On the upper floor landing are some examples of Weber's book illustrations. He illustrated more than 115 books, including Münchhausen and Goethe's Reineke Fuchs.
The small rooms on the upper floor show special themes that are important in A. Paul Weber's work. He was passionately concerned with depicting the destruction of our earth, seas, and even ourselves through technological expansion. His interest first manifested itself with illustrations for H. Kutzleb's book Der Zeitgenosse (The Contemporary), published in 1920. He produced Der Sterbende Hecht (The Dying Pike) in 1957 and was deeply involved in the ecological movement during the 1960's and 70's --- Death is an important theme in Weber's work, as is the figure of the fool, which is a common charakter in his drawings. The artist identified himself with his figure, which was imspired by the historical joker Eulenspiegel, who lived a few miles from Ratzeburg in the town of Mölln, and by the medieval court jester. Weber envisioned himself as a court jester, because in this position he could tell uncomfortable thruths without being punished.

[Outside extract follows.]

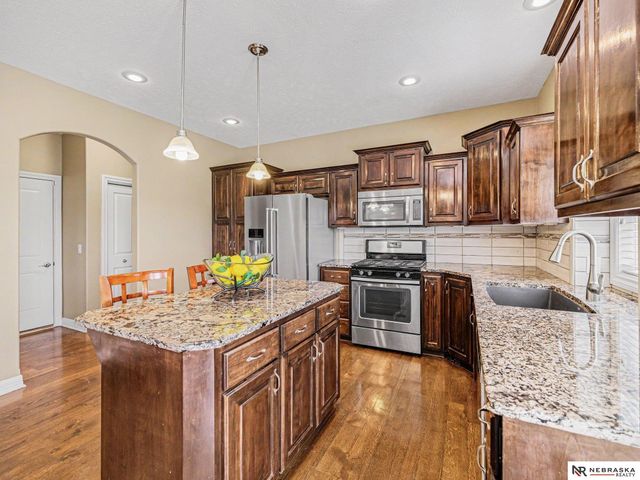 13608 S 43rd Street, Bellevue, NE 68123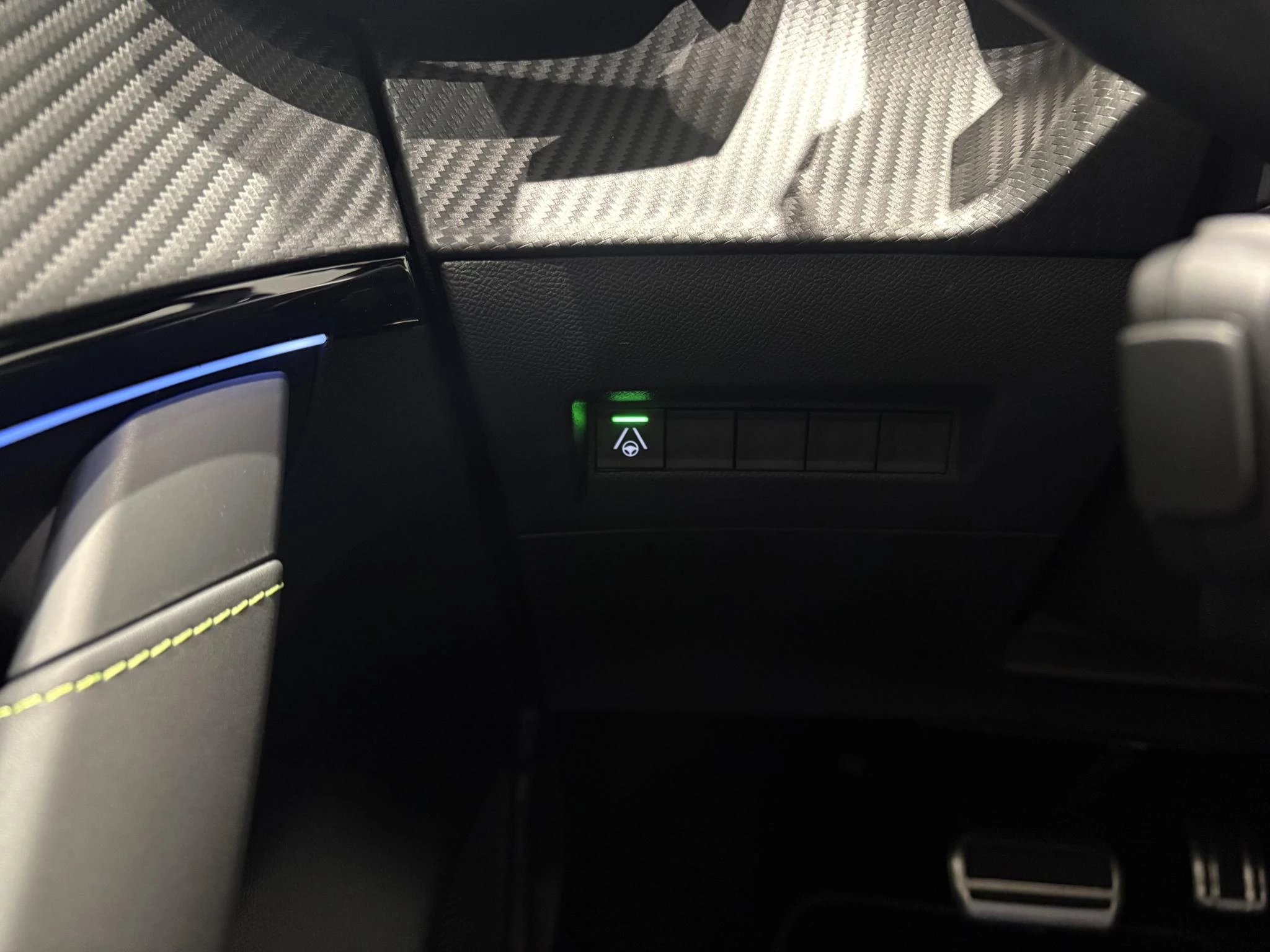 Peugeot-208-image-14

The chess motif reoccurs in his work after 1937. Chess is a game, but it is also a struggle of minds. Weber used the game to make conflicts between different groups clearer. He steadily created new games between literary, political and historical figures.
Weber did not draw in an abstact manner. His critique of this type of art and his opinion of narrow-minded experts and museum visitors can be seen in the next room.
In the large room upstairs you find some oil paintings, which Weber painted in his "free time" for relaxation. He often painted members of his family and friends. Critical paintings, such as the two melancholic self-portraits, are rare.
During his 87 years, Weber produced nearly 3.000 lithographs, hundreds of wood cuts, more than 200 oil paintings and several thousands of other drawings.